Event Horizon Telescope Snags New Funding to Capture 1st Movie of a Black Hole

The Event Horizon Telescope, a planet-scale array of eight ground-based radio telescopes forged through international collaboration, captured this image of the supermassive black hole and its shadow that's in the center of the galaxy M87.
The Event Horizon Telescope, a planet-scale array of eight ground-based radio telescopes forged through international collaboration, captured this image of the supermassive black hole and its shadow that's in the center of the galaxy M87. (Image credit: EHT Collaboration)

This spring, scientists released the first-ever image of a black hole — but what they really want is to create a movie of a black hole.

For that, the team will need to involve more instruments in the project, and the Event Horizon Telescope just got money to start making that happen. The grant of $12.7 million comes from the National Science Foundation, which is a long-term funding source for the black hole imagery project.

"The spectacular … results have surpassed our wildest expectations, and I am deeply proud of what we achieved as a team," Shep Doeleman, the founding director of the Event Horizon Telescope and an astronomer at the Harvard-Smithsonian Center for Astrophysics, said in a statement. "Now the question one hears the most is, 'What's next?'"

Related: Eureka! Scientists Photograph a Black Hole for the 1st Time

The answer is a moving image of a black hole, rather than a static snapshot.
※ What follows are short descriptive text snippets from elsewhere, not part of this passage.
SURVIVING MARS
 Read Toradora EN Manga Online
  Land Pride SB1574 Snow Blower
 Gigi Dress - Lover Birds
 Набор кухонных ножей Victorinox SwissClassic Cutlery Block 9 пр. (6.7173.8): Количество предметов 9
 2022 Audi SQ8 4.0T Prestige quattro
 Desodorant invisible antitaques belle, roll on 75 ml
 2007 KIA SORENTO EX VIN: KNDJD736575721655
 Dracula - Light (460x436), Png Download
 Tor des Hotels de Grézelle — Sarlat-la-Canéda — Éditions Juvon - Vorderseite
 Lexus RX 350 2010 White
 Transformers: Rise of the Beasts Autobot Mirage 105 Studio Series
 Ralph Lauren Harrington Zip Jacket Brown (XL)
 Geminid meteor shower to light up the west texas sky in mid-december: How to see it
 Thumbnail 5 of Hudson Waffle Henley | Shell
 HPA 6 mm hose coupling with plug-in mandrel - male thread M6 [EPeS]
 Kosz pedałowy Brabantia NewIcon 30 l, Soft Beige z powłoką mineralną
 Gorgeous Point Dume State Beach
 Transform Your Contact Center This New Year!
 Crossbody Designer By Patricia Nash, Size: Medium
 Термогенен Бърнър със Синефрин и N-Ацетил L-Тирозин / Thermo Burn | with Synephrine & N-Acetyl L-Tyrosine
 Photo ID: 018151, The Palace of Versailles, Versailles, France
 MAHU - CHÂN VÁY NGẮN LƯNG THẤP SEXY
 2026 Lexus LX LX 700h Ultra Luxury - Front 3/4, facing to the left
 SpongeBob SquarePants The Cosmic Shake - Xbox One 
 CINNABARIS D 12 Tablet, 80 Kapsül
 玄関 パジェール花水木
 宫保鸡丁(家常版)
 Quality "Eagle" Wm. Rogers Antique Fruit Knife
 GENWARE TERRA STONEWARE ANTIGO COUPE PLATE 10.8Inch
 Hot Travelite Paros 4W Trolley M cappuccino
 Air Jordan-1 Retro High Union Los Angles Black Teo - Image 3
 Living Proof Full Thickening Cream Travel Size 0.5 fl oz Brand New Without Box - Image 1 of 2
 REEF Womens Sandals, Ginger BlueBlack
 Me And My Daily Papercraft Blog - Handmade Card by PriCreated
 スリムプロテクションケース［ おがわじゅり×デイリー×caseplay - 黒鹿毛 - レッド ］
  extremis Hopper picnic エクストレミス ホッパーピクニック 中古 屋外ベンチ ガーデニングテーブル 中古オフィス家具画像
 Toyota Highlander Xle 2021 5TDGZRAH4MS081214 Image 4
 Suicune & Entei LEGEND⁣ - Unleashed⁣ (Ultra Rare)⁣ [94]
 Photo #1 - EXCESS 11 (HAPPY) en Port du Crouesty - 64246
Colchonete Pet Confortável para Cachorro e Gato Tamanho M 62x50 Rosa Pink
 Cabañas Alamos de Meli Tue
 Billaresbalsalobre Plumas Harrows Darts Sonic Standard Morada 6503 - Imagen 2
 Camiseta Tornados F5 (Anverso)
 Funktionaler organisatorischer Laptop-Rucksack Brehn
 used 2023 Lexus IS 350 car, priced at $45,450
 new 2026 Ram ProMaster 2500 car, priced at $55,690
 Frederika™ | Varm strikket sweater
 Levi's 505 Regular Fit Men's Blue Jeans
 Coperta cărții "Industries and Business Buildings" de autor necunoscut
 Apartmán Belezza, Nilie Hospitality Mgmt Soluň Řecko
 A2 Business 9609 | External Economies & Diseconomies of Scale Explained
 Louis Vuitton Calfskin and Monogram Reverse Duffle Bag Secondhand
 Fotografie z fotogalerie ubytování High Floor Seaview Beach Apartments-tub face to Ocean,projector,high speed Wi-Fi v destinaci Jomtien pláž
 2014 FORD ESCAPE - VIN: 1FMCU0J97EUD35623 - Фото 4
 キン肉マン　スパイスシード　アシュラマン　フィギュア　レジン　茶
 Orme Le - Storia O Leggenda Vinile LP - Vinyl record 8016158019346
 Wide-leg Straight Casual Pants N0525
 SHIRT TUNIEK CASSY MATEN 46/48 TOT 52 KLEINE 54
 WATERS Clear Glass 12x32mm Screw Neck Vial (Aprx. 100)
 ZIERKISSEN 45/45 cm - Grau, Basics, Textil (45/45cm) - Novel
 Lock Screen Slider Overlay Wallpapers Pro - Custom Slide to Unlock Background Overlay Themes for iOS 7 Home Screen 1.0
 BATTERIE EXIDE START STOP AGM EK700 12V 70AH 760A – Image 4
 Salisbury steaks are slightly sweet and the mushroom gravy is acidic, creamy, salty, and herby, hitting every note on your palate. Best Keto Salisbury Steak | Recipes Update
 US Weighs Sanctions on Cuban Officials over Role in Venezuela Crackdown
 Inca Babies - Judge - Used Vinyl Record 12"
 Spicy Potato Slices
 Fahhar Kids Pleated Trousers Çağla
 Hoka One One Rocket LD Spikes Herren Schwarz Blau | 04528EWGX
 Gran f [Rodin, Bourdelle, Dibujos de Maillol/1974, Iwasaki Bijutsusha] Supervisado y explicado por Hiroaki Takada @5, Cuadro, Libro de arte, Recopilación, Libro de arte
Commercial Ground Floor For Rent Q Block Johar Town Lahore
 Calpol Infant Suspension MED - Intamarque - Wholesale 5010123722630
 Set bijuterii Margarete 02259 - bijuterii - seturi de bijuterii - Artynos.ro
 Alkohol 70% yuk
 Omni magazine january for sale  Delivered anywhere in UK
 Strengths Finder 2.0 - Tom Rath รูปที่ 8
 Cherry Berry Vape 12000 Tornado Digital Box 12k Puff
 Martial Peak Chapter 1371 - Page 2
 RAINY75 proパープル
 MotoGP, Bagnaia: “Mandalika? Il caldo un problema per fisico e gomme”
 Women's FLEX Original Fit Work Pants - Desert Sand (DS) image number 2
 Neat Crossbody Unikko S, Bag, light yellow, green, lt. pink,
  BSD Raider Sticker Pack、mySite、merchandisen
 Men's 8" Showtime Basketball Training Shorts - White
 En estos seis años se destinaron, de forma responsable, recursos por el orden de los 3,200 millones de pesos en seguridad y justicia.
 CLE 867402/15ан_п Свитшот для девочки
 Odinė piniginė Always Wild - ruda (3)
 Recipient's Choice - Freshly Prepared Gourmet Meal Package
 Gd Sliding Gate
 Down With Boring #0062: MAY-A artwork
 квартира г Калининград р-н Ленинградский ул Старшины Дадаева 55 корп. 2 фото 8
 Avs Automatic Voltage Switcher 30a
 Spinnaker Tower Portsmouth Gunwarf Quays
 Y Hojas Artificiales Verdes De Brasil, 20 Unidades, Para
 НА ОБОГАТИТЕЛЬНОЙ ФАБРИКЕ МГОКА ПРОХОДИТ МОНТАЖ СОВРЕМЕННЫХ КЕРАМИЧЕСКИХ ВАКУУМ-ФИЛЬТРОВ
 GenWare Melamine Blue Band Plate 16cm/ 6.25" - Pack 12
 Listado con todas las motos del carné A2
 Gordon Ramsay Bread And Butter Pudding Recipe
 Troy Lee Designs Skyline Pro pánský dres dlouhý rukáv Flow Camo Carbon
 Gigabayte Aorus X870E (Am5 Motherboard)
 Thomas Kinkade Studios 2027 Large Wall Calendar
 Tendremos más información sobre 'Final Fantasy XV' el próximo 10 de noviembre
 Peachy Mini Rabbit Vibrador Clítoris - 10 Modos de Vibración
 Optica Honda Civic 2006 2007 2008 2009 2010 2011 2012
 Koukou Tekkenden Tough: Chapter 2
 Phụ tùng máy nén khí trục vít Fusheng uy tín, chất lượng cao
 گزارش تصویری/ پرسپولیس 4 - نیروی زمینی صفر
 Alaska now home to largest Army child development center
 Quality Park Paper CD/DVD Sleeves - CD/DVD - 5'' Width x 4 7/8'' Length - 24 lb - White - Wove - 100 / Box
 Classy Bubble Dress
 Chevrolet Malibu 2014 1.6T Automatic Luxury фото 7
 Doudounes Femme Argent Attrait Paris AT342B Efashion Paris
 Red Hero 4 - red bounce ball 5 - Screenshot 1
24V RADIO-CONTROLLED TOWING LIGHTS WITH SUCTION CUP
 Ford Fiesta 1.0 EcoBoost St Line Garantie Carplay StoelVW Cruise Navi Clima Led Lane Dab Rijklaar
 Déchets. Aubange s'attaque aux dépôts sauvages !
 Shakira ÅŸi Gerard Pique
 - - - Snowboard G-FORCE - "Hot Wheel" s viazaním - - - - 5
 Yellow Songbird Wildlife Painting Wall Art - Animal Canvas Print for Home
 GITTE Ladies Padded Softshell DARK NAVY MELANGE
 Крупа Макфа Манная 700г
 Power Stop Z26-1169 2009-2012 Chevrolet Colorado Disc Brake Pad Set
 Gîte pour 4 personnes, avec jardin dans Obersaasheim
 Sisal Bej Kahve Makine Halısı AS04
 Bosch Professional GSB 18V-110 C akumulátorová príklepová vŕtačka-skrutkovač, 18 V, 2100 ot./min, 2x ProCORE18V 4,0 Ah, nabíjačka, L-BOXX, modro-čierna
That type of data will be particularly beneficial when it comes to understanding a crowd-favorite supermassive black hole, the one at the center of the galaxy we live in.

"Our own Milky Way is host to a supermassive black hole that evolves dramatically over the course of a night," Katie Bouman, a computer scientist at Caltech who is involved in the Event Horizon Telescope, said in a statement. "We are developing new methods, which incorporate emerging ideas from machine learning and computational imaging, in order to make the very first movies of gas spiraling towards an event horizon." 

The Event Horizon Telescope project pulls together observatories around the globe to simulate a telescope as large as Earth. In April 2017, eight instruments contributed observations of the supermassive black hole at the heart of a galaxy called M87. It was this data that informed the image released earlier this year.

The project has already grown, with a ninth telescope joining in observations gathered in 2018 of the supermassive black hole at the center of the Milky Way. Two other instruments were due to join the project by 2020, but the additional funding means that the team can look into adding even more facilities, sharpening the resulting images.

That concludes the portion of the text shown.